BOICOTTAGGIO. Il leader della repubblica serba di Bosnia e Erzegovina, Milorad Dodik, ha denunciato le autorità turche per avergli impedito di usare il loro spazio aereo per recarsi a Erevan a commemorare il genocidio. Ankara ha risposto negando tutto e affermando di aver dato tutte le autorizzazioni necessarie, ma Dodik ha ribadito: «Avevano dato tutte le autorizzazioni, ma poi le autorità turche non mi hanno permesso di sorvolare il loro spazio aereo. Ho aspettato quattro ore e mezza in un aeroporto bulgaro ma ho atteso invano».

«GENOCIDIO? FATTO DAGLI ARMENI». L’incapacità turca di riconoscere le proprie responsabilità non si limita a dei trucchetti per impedire che qualche leader raggiunga Erevan domani, ma sfocia in un rinnovato negazionismo. Ieri il professore universitario Cevdet Kırpık, docente alla Erciyes University (provincia di Kayseri), è stato intervistato dall’agenzia di Stato turca Anadolu sul genocidio e ha dichiarato: «Secondo i nostri studi condotti sui documenti presenti negli archivi ottomani, gli armeni si sono travestiti da curdi, lazi, circassi e turchi per attaccare i loro stessi villaggi, uccidendo il loro stesso popolo con lo scopo di riuscire a ottenere l’indipendenza», riporta il quotidiano turco Hurriyet.
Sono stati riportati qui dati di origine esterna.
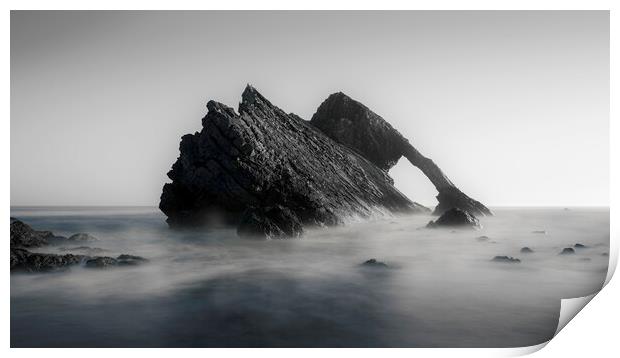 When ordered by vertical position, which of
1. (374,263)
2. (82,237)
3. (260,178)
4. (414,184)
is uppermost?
(260,178)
I VERI DOCUMENTI. Secondo la ricostruzione del docente universitario, «razziando i villaggi travestiti da ufficiali turchi, gli armeni volevano fomentare una rivolta degli armeni contro gli ottomani per ottenere l’indipendenza». Inutile dire che i documenti presenti negli archivi ottomani sono radicalmente diversi da quelli presenti in tutti gli archivi di tutti gli Stati del mondo, che descrivono nel dettaglio come la fazione dei Giovani turchi eliminò un milione e mezzo di armeni in otto anni per costruire uno Stato-nazione turco.

OLTRE UN MILIONE DI SANTI. Davanti a questi fatti valgono poco le condoglianze espresse l’anno scorso dal presidente Erdogan o quelle di pochi giorni fa del premier Davutoglu. Il negazionismo turco non impedirà però alla Chiesa apostolica armena di canonizzare stasera, con una funzione religiosa solenne, un milione e mezzo di martiri. «Per il popolo armeno è sorta una nuova alba – aveva annunciato in un messaggio il patriarca armeno ortodosso Karekin II – Dio ha voluto che la nostra gente, condannata a morte da un piano genocida, sia riuscita a vivere e risorgere, in modo da poter presentare questa giusta causa davanti alla coscienza dell’umanità e al diritto delle genti, per liberare il mondo dalla callosa indifferenza di Pilato e dalla negazione criminale della Turchia. La nostra Santa Chiesa offrirà il 23 aprile un servizio speciale per canonizzare i suoi figli e figlie che hanno accettato il martirio come santi “per la fede e per la patria”, e proclamerà il 24 aprile come “Giornata del ricordo dei Santi Martiri del Genocidio”».